(WHAT IS EXPECTED)
Beneath this instruction is a block of data; output from it exactly the lines that run from the one containing "KLEINE WOLKE - Tendedero" through the one containing "Apartments for rent", inclusive.
*** Opening of PROVIDED RECORDS ***
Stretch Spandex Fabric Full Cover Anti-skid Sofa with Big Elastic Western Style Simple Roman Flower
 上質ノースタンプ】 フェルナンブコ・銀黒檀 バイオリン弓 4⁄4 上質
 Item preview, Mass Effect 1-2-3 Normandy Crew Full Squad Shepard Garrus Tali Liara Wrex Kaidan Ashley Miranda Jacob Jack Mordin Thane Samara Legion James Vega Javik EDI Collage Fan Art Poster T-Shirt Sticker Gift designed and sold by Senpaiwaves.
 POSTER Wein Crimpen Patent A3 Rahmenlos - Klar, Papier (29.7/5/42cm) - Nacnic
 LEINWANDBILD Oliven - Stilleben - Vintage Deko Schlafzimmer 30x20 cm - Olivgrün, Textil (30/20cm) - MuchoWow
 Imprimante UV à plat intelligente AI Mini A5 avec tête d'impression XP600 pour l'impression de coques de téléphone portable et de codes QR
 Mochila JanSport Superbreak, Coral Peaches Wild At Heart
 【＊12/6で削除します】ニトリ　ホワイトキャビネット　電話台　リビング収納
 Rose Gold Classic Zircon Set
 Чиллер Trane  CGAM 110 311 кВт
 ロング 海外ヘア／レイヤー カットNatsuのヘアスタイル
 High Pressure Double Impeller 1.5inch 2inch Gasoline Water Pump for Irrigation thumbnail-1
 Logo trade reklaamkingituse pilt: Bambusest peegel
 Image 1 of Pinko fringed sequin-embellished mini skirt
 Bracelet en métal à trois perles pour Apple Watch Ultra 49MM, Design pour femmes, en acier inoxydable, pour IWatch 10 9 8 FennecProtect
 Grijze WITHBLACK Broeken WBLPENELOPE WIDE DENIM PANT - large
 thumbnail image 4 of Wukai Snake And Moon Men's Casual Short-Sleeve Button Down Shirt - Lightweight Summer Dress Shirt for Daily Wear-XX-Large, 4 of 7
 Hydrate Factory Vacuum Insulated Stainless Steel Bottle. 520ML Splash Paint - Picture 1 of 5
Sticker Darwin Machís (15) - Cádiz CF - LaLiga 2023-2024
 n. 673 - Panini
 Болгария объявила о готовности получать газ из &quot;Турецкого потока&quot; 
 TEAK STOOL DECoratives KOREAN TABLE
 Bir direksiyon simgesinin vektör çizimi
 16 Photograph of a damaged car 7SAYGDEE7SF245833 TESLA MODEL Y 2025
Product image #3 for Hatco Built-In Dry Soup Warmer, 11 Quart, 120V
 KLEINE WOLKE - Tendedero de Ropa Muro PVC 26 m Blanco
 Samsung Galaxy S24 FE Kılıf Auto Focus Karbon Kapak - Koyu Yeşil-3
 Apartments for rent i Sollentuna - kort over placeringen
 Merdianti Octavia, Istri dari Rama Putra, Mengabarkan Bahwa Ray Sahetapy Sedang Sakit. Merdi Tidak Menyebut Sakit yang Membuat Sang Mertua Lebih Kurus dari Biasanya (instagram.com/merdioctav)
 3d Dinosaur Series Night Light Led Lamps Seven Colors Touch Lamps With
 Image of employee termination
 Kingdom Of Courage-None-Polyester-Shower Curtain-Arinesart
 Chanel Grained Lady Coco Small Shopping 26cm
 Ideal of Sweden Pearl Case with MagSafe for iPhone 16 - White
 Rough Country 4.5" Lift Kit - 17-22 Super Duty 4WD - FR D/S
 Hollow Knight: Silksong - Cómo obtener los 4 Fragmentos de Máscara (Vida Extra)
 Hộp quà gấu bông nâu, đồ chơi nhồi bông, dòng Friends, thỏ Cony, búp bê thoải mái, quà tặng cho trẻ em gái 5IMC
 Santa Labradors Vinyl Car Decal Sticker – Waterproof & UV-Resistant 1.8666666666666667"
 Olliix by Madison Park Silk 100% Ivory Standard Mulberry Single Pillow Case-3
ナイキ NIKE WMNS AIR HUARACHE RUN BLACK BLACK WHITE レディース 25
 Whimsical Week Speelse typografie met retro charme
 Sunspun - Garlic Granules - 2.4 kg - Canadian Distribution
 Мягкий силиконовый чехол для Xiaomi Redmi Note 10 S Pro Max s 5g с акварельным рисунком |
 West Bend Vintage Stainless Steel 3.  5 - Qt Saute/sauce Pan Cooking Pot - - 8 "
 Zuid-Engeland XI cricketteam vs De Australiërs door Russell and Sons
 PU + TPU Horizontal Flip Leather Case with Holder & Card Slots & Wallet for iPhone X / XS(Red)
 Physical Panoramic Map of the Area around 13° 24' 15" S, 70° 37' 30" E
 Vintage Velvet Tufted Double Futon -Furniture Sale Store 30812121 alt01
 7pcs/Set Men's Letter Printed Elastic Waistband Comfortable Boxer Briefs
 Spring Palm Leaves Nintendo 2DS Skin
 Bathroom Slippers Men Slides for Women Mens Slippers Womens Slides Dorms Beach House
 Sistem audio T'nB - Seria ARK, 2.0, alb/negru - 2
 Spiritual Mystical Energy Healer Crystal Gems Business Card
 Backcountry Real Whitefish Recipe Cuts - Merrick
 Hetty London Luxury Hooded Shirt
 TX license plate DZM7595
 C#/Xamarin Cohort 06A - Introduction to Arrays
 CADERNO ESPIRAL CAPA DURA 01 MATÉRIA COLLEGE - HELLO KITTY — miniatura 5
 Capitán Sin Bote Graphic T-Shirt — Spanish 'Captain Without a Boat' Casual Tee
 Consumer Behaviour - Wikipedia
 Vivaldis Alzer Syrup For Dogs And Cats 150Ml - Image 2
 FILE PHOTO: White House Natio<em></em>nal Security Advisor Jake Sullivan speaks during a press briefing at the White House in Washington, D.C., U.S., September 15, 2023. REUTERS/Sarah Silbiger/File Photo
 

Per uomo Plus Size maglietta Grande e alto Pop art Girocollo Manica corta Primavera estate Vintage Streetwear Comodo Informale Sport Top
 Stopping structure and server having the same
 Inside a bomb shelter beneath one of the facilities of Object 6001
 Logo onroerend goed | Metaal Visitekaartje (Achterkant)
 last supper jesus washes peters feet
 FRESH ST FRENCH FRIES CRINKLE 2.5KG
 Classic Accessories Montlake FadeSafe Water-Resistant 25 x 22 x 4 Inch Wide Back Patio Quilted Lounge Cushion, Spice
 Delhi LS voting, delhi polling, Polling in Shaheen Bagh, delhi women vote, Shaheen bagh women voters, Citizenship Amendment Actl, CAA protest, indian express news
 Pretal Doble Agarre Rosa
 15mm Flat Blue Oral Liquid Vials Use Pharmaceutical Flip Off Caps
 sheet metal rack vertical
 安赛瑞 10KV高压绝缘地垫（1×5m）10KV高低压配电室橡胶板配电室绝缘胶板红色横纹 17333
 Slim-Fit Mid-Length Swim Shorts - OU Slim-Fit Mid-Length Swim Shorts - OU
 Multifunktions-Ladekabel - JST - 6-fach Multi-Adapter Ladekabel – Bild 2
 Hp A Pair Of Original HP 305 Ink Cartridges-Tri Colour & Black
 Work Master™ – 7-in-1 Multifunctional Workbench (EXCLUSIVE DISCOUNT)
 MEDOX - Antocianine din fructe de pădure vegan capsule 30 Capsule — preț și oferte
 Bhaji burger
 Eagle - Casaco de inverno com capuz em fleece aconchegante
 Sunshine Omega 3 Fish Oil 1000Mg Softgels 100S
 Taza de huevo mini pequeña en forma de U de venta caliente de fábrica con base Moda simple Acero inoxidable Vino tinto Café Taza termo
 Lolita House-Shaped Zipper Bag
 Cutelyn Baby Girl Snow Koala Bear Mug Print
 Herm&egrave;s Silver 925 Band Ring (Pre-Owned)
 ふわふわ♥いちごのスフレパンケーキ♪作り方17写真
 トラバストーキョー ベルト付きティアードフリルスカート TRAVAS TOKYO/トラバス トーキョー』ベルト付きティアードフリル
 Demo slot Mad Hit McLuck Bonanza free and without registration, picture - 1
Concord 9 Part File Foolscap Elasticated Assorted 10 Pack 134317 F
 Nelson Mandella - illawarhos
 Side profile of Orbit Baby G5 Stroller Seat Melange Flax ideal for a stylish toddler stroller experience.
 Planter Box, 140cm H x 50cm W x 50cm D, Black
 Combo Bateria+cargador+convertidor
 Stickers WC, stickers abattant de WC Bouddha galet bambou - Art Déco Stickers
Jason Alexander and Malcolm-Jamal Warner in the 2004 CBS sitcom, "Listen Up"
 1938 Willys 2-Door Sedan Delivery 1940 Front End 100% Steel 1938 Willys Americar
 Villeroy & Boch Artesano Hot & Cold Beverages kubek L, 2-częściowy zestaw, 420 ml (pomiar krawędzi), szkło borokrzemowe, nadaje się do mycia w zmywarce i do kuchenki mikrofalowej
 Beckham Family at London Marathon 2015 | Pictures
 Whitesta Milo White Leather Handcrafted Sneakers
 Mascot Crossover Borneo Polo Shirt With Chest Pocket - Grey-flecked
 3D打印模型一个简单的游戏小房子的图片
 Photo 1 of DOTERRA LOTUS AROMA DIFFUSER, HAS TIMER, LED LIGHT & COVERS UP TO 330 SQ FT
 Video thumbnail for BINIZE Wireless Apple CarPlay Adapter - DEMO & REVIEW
*** Close of PROVIDED RECORDS ***
(RESPONSE AREA)
 KLEINE WOLKE - Tendedero de Ropa Muro PVC 26 m Blanco
 Samsung Galaxy S24 FE Kılıf Auto Focus Karbon Kapak - Koyu Yeşil-3
 Apartments for rent i Sollentuna - kort over placeringen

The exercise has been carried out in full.